* [What to produce] What is needed is an exact transcription of every record below.

┌─ Records to use

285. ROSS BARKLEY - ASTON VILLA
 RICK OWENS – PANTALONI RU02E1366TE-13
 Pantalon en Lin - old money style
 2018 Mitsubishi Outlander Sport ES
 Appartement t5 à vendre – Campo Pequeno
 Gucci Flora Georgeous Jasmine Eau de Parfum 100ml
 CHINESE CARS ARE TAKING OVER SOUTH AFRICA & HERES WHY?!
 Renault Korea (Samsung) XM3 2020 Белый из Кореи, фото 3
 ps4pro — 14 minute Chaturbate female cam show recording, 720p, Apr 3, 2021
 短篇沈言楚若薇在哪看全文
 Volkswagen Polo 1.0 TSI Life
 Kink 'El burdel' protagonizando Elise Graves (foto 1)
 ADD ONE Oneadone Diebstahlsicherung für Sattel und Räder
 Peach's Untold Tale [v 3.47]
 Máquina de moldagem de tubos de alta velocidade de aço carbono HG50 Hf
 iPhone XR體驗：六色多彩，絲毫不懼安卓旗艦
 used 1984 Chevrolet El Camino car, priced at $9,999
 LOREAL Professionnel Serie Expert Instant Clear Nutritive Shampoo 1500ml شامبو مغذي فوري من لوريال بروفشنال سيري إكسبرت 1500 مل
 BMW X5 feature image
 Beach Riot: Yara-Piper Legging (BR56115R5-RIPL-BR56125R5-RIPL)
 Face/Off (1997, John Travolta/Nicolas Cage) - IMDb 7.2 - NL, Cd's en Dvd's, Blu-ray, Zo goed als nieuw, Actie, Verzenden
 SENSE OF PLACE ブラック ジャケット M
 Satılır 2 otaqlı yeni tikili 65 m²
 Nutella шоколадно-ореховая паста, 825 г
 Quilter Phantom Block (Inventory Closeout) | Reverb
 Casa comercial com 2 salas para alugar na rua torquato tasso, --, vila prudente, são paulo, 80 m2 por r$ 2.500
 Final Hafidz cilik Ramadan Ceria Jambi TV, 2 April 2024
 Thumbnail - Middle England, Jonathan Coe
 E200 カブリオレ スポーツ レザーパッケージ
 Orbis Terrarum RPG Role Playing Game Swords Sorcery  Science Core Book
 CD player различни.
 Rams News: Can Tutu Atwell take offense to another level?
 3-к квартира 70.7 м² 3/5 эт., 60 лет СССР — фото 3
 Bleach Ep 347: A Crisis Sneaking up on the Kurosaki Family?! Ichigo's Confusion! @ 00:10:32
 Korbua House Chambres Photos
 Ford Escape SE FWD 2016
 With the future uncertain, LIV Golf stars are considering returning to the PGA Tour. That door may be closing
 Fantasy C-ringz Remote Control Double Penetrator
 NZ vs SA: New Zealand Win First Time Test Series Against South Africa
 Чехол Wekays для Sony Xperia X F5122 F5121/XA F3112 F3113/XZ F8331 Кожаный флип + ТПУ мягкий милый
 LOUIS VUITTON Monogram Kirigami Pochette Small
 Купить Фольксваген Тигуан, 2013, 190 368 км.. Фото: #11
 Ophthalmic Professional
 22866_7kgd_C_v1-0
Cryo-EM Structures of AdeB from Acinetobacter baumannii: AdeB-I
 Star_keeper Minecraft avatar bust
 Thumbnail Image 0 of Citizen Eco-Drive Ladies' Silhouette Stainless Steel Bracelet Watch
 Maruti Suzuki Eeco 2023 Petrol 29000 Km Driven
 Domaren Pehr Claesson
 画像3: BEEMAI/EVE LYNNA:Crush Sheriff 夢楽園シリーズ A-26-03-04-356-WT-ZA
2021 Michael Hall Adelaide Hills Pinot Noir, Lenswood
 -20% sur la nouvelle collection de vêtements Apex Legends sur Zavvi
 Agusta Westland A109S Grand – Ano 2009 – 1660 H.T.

└─

* [Your solution]
285. ROSS BARKLEY - ASTON VILLA
 RICK OWENS – PANTALONI RU02E1366TE-13
 Pantalon en Lin - old money style
 2018 Mitsubishi Outlander Sport ES
 Appartement t5 à vendre – Campo Pequeno
 Gucci Flora Georgeous Jasmine Eau de Parfum 100ml
 CHINESE CARS ARE TAKING OVER SOUTH AFRICA & HERES WHY?!
 Renault Korea (Samsung) XM3 2020 Белый из Кореи, фото 3
 ps4pro — 14 minute Chaturbate female cam show recording, 720p, Apr 3, 2021
 短篇沈言楚若薇在哪看全文
 Volkswagen Polo 1.0 TSI Life
 Kink 'El burdel' protagonizando Elise Graves (foto 1)
 ADD ONE Oneadone Diebstahlsicherung für Sattel und Räder
 Peach's Untold Tale [v 3.47]
 Máquina de moldagem de tubos de alta velocidade de aço carbono HG50 Hf
 iPhone XR體驗：六色多彩，絲毫不懼安卓旗艦
 used 1984 Chevrolet El Camino car, priced at $9,999
 LOREAL Professionnel Serie Expert Instant Clear Nutritive Shampoo 1500ml شامبو مغذي فوري من لوريال بروفشنال سيري إكسبرت 1500 مل
 BMW X5 feature image
 Beach Riot: Yara-Piper Legging (BR56115R5-RIPL-BR56125R5-RIPL)
 Face/Off (1997, John Travolta/Nicolas Cage) - IMDb 7.2 - NL, Cd's en Dvd's, Blu-ray, Zo goed als nieuw, Actie, Verzenden
 SENSE OF PLACE ブラック ジャケット M
 Satılır 2 otaqlı yeni tikili 65 m²
 Nutella шоколадно-ореховая паста, 825 г
 Quilter Phantom Block (Inventory Closeout) | Reverb
 Casa comercial com 2 salas para alugar na rua torquato tasso, --, vila prudente, são paulo, 80 m2 por r$ 2.500
 Final Hafidz cilik Ramadan Ceria Jambi TV, 2 April 2024
 Thumbnail - Middle England, Jonathan Coe
 E200 カブリオレ スポーツ レザーパッケージ
 Orbis Terrarum RPG Role Playing Game Swords Sorcery  Science Core Book
 CD player различни.
 Rams News: Can Tutu Atwell take offense to another level?
 3-к квартира 70.7 м² 3/5 эт., 60 лет СССР — фото 3
 Bleach Ep 347: A Crisis Sneaking up on the Kurosaki Family?! Ichigo's Confusion! @ 00:10:32
 Korbua House Chambres Photos
 Ford Escape SE FWD 2016
 With the future uncertain, LIV Golf stars are considering returning to the PGA Tour. That door may be closing
 Fantasy C-ringz Remote Control Double Penetrator
 NZ vs SA: New Zealand Win First Time Test Series Against South Africa
 Чехол Wekays для Sony Xperia X F5122 F5121/XA F3112 F3113/XZ F8331 Кожаный флип + ТПУ мягкий милый
 LOUIS VUITTON Monogram Kirigami Pochette Small
 Купить Фольксваген Тигуан, 2013, 190 368 км.. Фото: #11
 Ophthalmic Professional
 22866_7kgd_C_v1-0
Cryo-EM Structures of AdeB from Acinetobacter baumannii: AdeB-I
 Star_keeper Minecraft avatar bust
 Thumbnail Image 0 of Citizen Eco-Drive Ladies' Silhouette Stainless Steel Bracelet Watch
 Maruti Suzuki Eeco 2023 Petrol 29000 Km Driven
 Domaren Pehr Claesson
 画像3: BEEMAI/EVE LYNNA:Crush Sheriff 夢楽園シリーズ A-26-03-04-356-WT-ZA
2021 Michael Hall Adelaide Hills Pinot Noir, Lenswood
 -20% sur la nouvelle collection de vêtements Apex Legends sur Zavvi
 Agusta Westland A109S Grand – Ano 2009 – 1660 H.T.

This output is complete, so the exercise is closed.